Lawmakers allow speed limit increase on ‘limited access freeways,’ which may include some of Michigan’s most heavily traveled roadways

lodge-freeway-m-10-michigan

The wording of Michigan’s new, faster speed limit laws got me wondering:

Could the speed demons whizzing around the Lodge Freeway in Detroit and the South Beltline Freeway in Grand Rapids rev things up to 75 mph?

I don’t know if the Michigan Department of Transportation and the Michigan State Police would actually let that happen.

But, the new speed limit laws certainly make that scary scenario a legal possibility.

As I mentioned in my blog post Friday, Gov. Rick Snyder has approved increasing the speed limit on Michigan “freeways” from 70 mph to 75 mph.

In particular, he did away with Michigan’s existing law, which provides that “the maximum speed limit on all freeways shall be 70 miles per hour …” (MCL 257.628(8))

And, in its place, Gov. Snyder approved a law (Enrolled House Bill 4423/Public Act 445 of 2016) which says that “the speed limits” on “limited access freeway” “shall increase … to 75 miles per hour …”

Why that caught my attention is because “limited access freeway” seems broad enough to encompass a great many “freeways” throughout the state where people already drive too fast … and will only be tempting fate if they’re allowed to further indulge their already-dangerous lead foot tendencies.

Leaving ‘rural’ freeways behind

One of the things that interests me about the new speed limit laws is how the nature of the roadways targeted for faster speeds changed over time.

When the new laws were initially introduced as bills in April 2015 and then, passed by the House in June 2016, they proposed to increase the speed limit above 70 mph only on what lawmakers were calling “rural limited access freeways.”

Notably, the lawmakers were careful to distinguish “rural limited access freeways” from “urban limited access freeways.”

However, when the bills were passed by the Senate on December 7, 2016, approved again by the House on December 13, 2016, and signed by Gov.

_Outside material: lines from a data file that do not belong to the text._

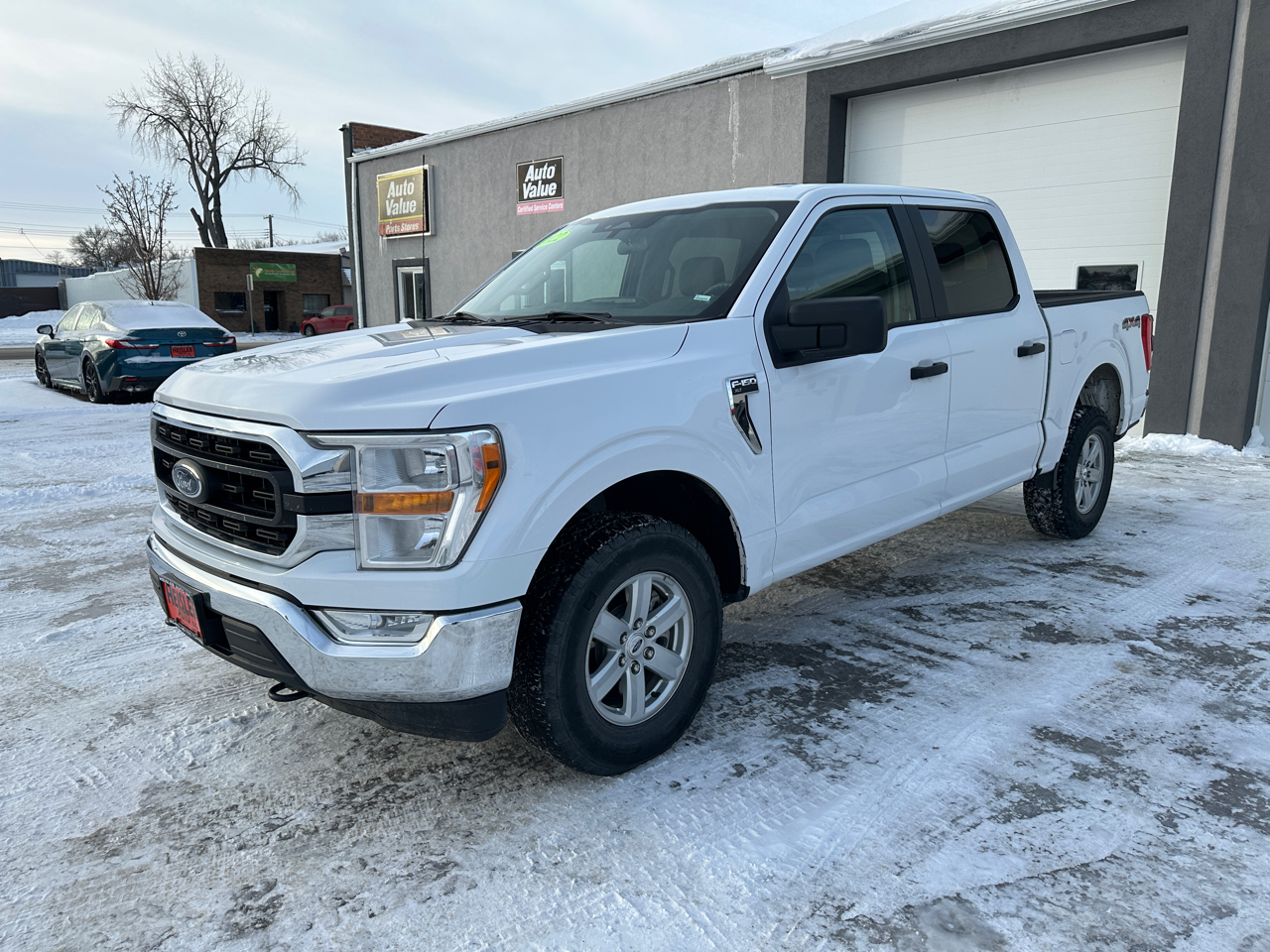 Ford F-150 XLT SuperCrew 5.5-ft. Bed 4WD 2022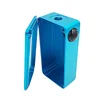 cnc milled anodized aluminum enclosure battery box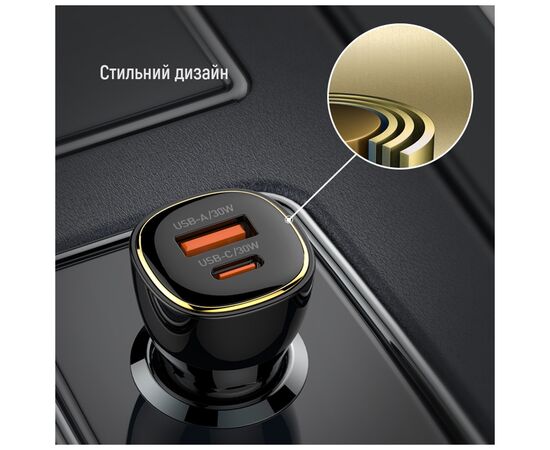 Зарядное устройство ColorWay PowerDelivery PPS USB (USB-A + USB-C) (60W) Black (CW-CHA046PD-BK), изображение 12 Зарядное устройство ColorWay PowerDelivery PPS USB (USB-A + USB-C) (60W) Black (CW-CHA046PD-BK), изображение 12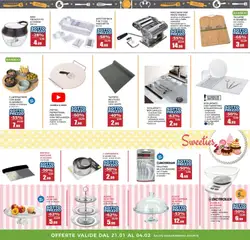 Anteprima del volantino Volantino Happy Casa	 valido a partire dal 21.01.2026 | Pagina: 4 | Prodotti: Rullo, Spatola, Vassoio, Scolapiatti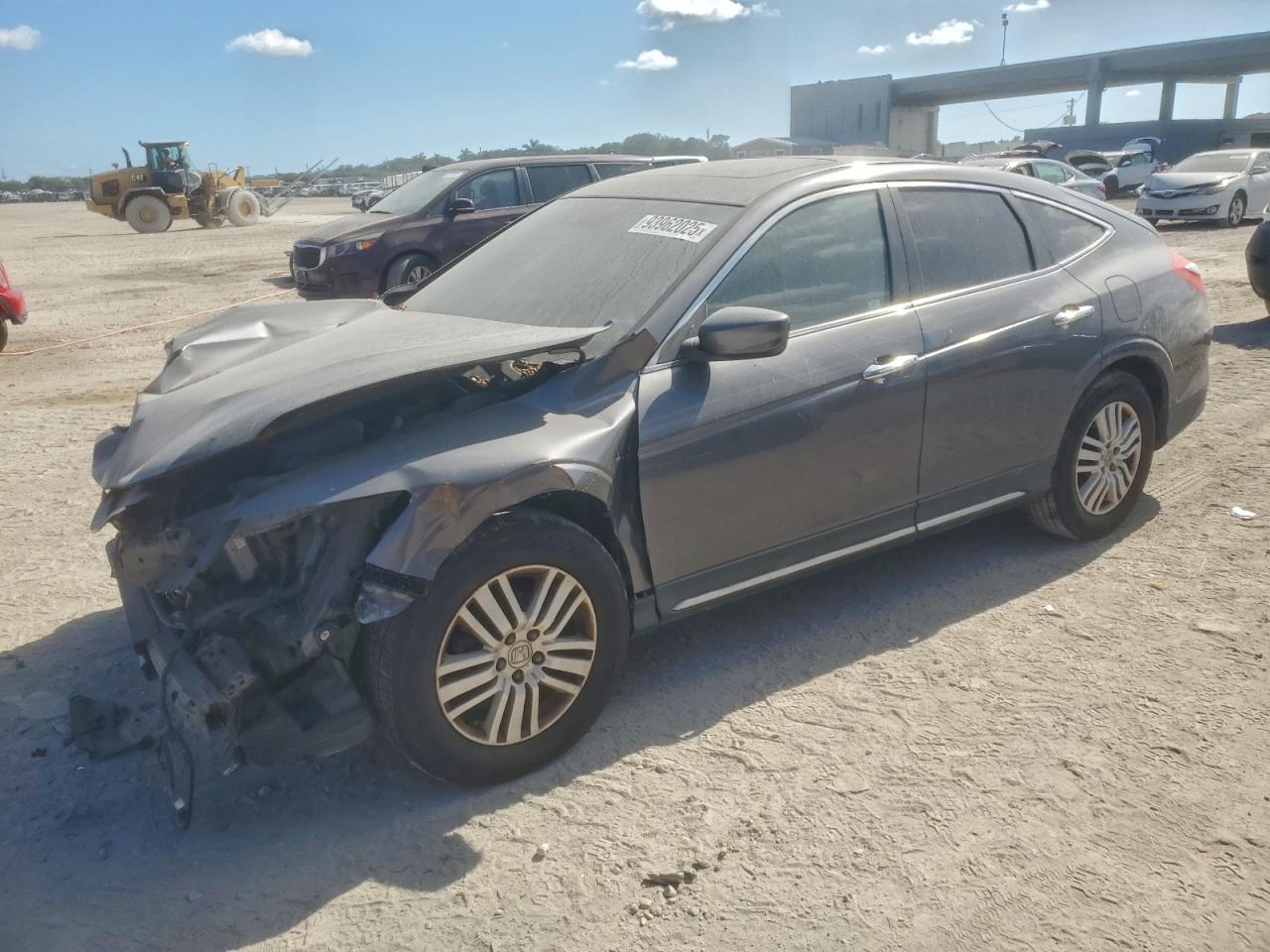 Lot #3310358998 2015 HONDA CROSSTOUR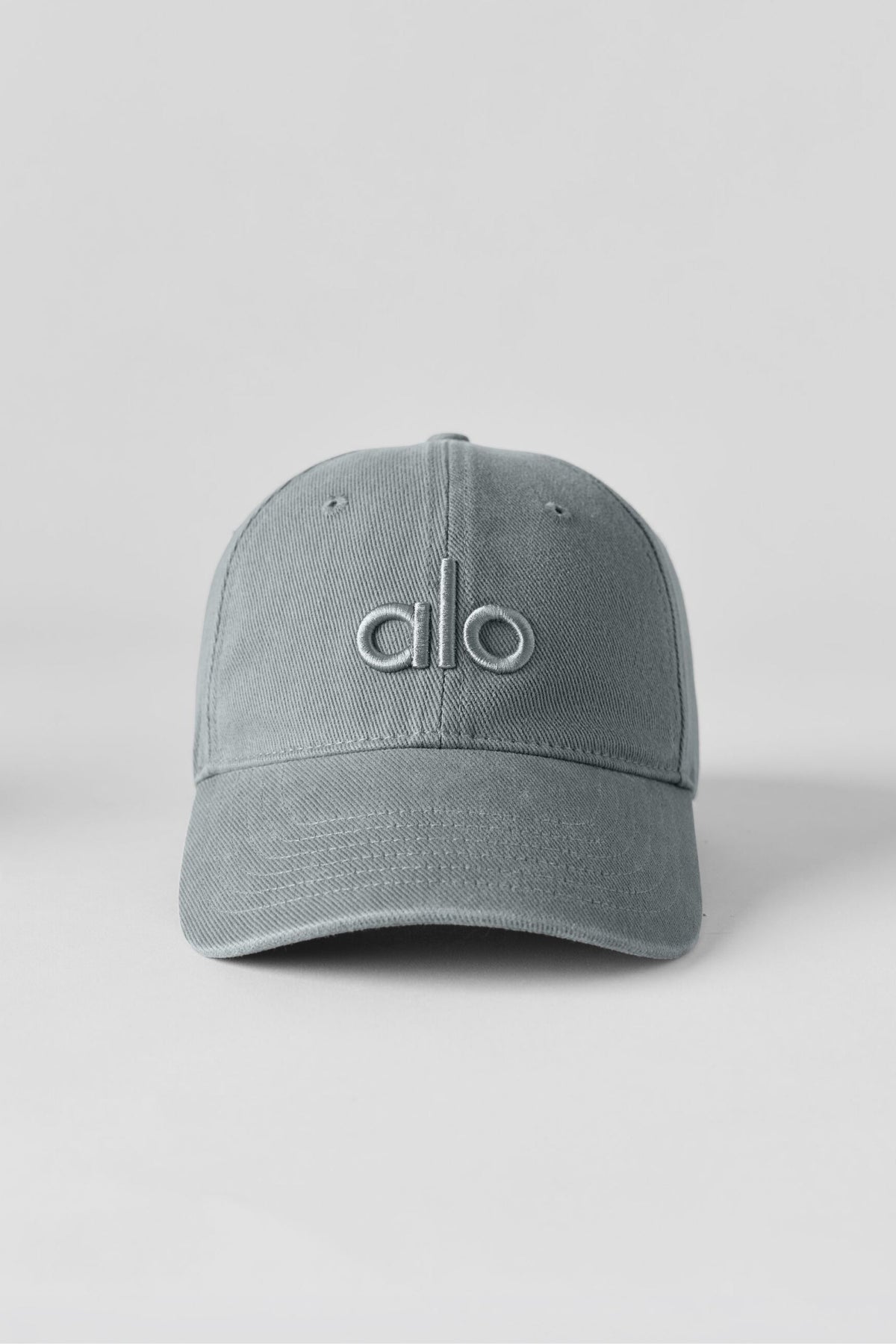 Alo Yoga Washed Off-Duty Cap in Monument Wash, product image 4 of 5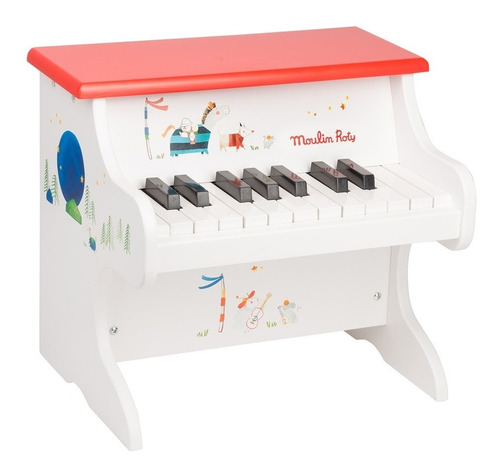 Piano Infantil Madera Instrumento Musical Moulin Roty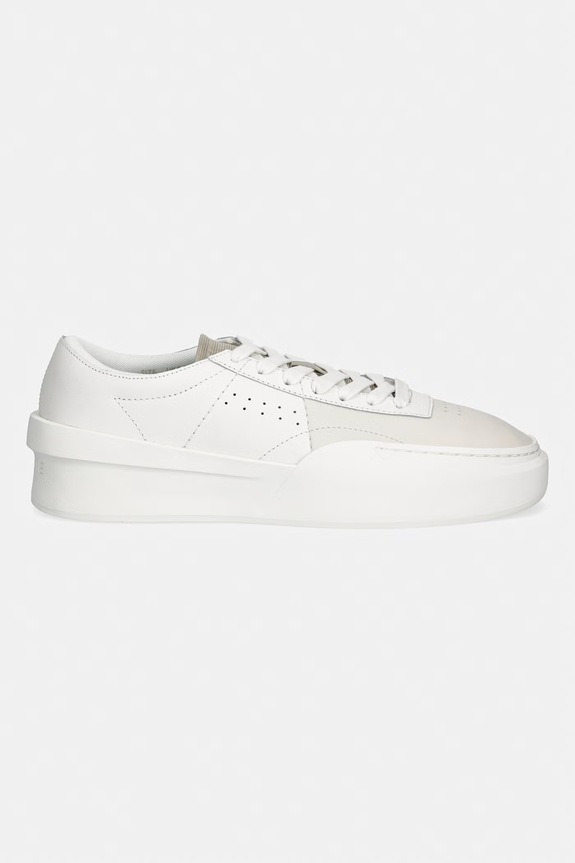 Lacoste Aura Club sneakersy męskie 50SMA0140.18C biały SS26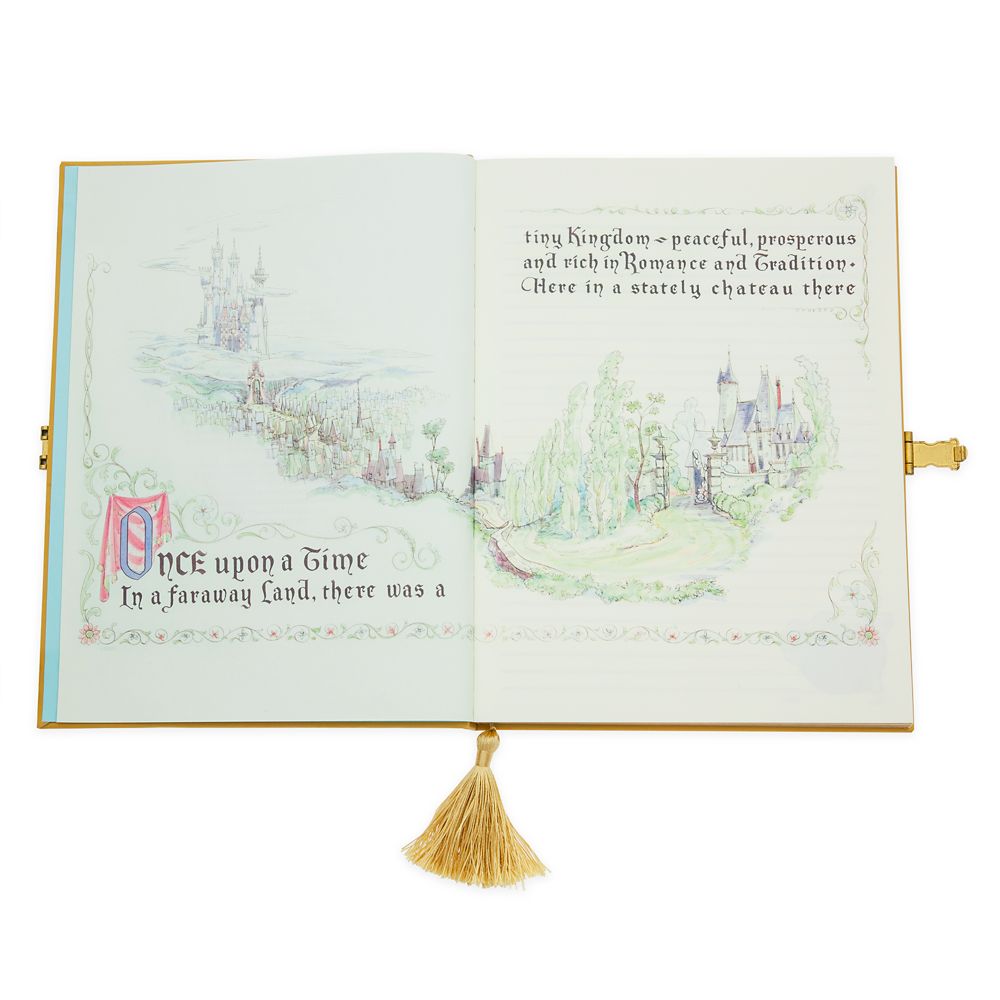 Cinderella Storybook Replica Journal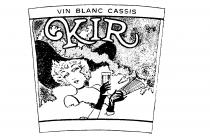 VIN BLANC CASSIS KIR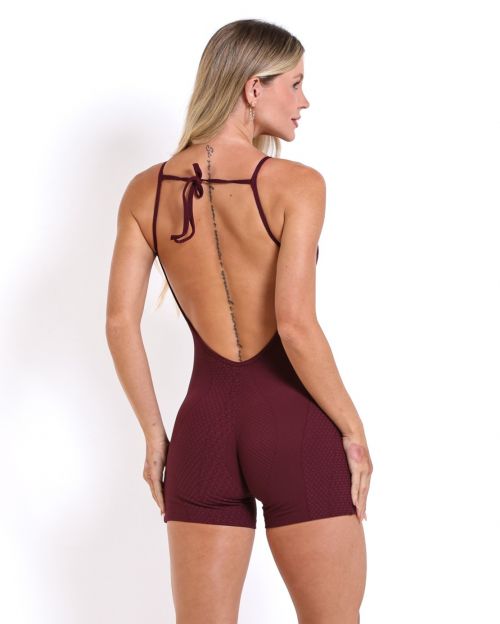 Macaquinho Rafaela Jacquard Comfy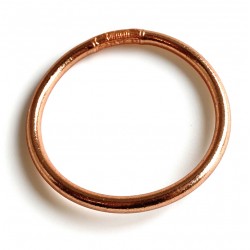 Bracelet Jonc Bouddhiste à mantra Cuivre épais LA BLONDE AUX BIJOUX
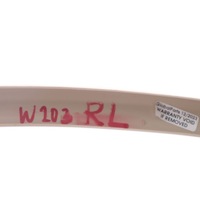 фото thumb №13, Mercedes w203 рамка дверь молдинг бежевая левый задняя a2037350171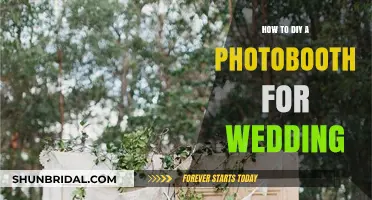 DIY Wedding Photobooth: Creative Ideas for Memorable Guest Photos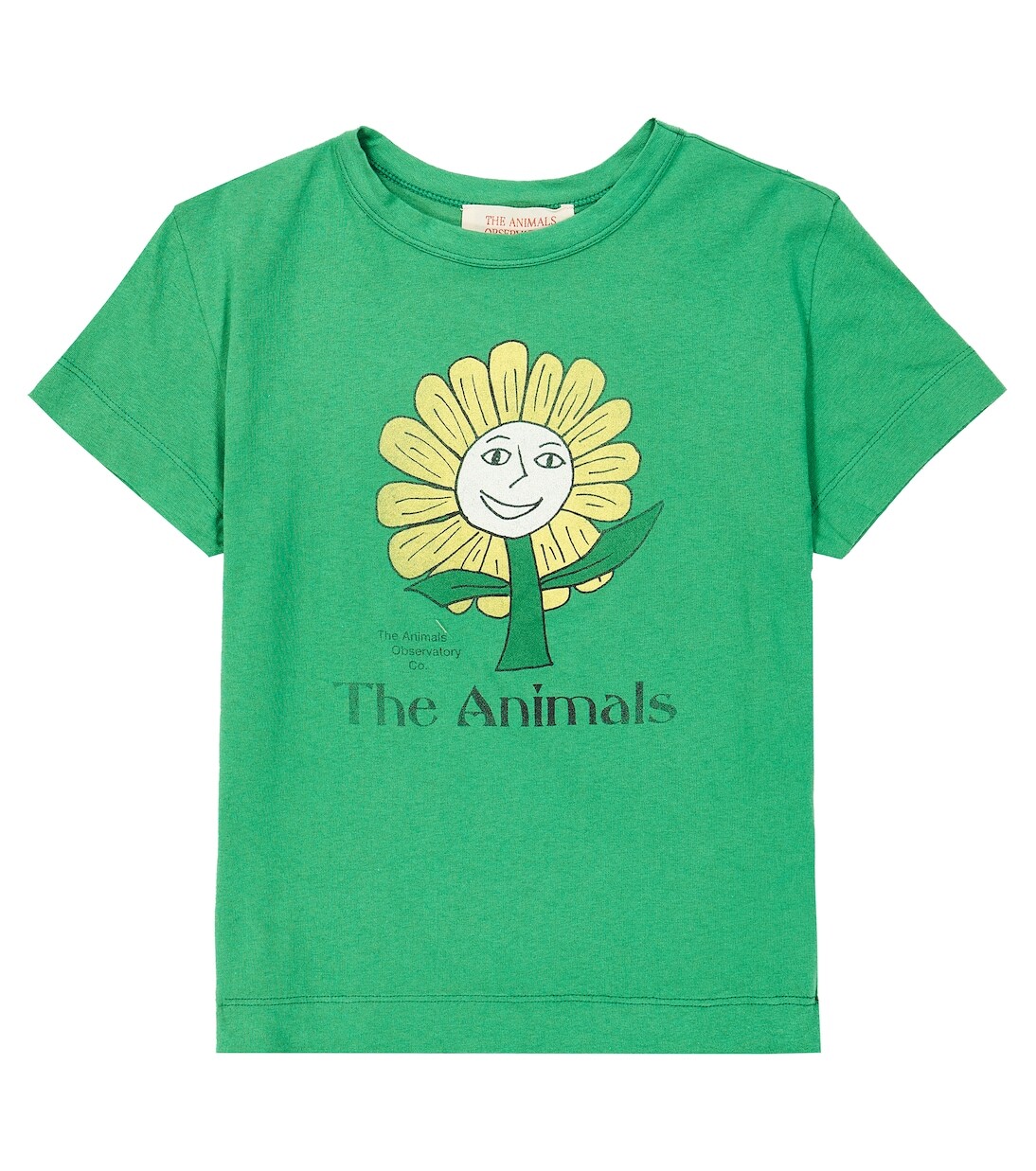 Футболка rooster из хлопкового джерси The Animals Observatory, зеленый
Футболка rooster из хлопкового джерси The Animals Observatory, зеленый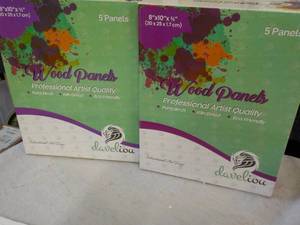 lot 89 image: 10 Daveliou 8 x 10 Stretched Canva...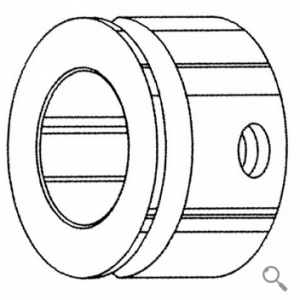 Motor Pulley "v" Groove - 2375-0025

Snyder on January 5, 2017, the “rural” limitation (and, thus, the “rural” versus “urban” distinction) had been eliminated and the increased 75 mph speed limit was said to apply to “limited access freeway …,” which presumably included both rural and non-rural (or “urban”) freeways.

This concerns me both as a driver (of myself and my family) and as a lawyer who helps people who have been injured in serious car accidents caused by speeding drivers.

Given the large number of freeways in heavily traveled, densely populated areas around the state – especially in Southeast and West Michigan – my concern is that the new laws could potentially allow drivers in these areas to put everyone (including themselves) in jeopardy by driving 75 mph.

What is a ‘limited access freeway’?

As too frequently occurs with new laws, the lawmakers behind the speed limit increase laws didn’t spell out what they meant by “limited access freeways.”

Nevertheless, the Motor Vehicle Code may provide some guidance.

It defines a “freeway” as “a divided arterial highway for through traffic with full control of access and with all crossroads separated in grade from pavements for through traffic.” (MCL 257.18a)

And, from the MVC’s definition of “limited access highway,” one can deduce that “limited access” means that people “have no legal right of access to or from” a roadway “except at such points … and in such manner as may be determined by the public authority …” (MCL 257.26)

Similarly, the Michigan Department of Transportation (MDOT)’s “Road Terms and Definitions” says the following about freeways, highways and “limited access”:

  • Freeway – A freeway is an access-controlled, divided highway designed for the unimpeded movement of large volumes of traffic. Characteristics of a freeway include controlled access through the use of interchanges, and use of underpasses or overpasses at intersections.
  • Highway (HWY) – A main road that provides direct access to buildings and intersections. Unlike a limited access freeway, a highway has intersections at grade level and signs and signals to control traffic.
  • Limited Access – A highway or section of highway designed for travel by registered motor vehicles. Access is limited to intersections, and driveways are generally not allowed. Freeways are a common type of limited access highway.

What ‘freeways’ could see faster speed limits?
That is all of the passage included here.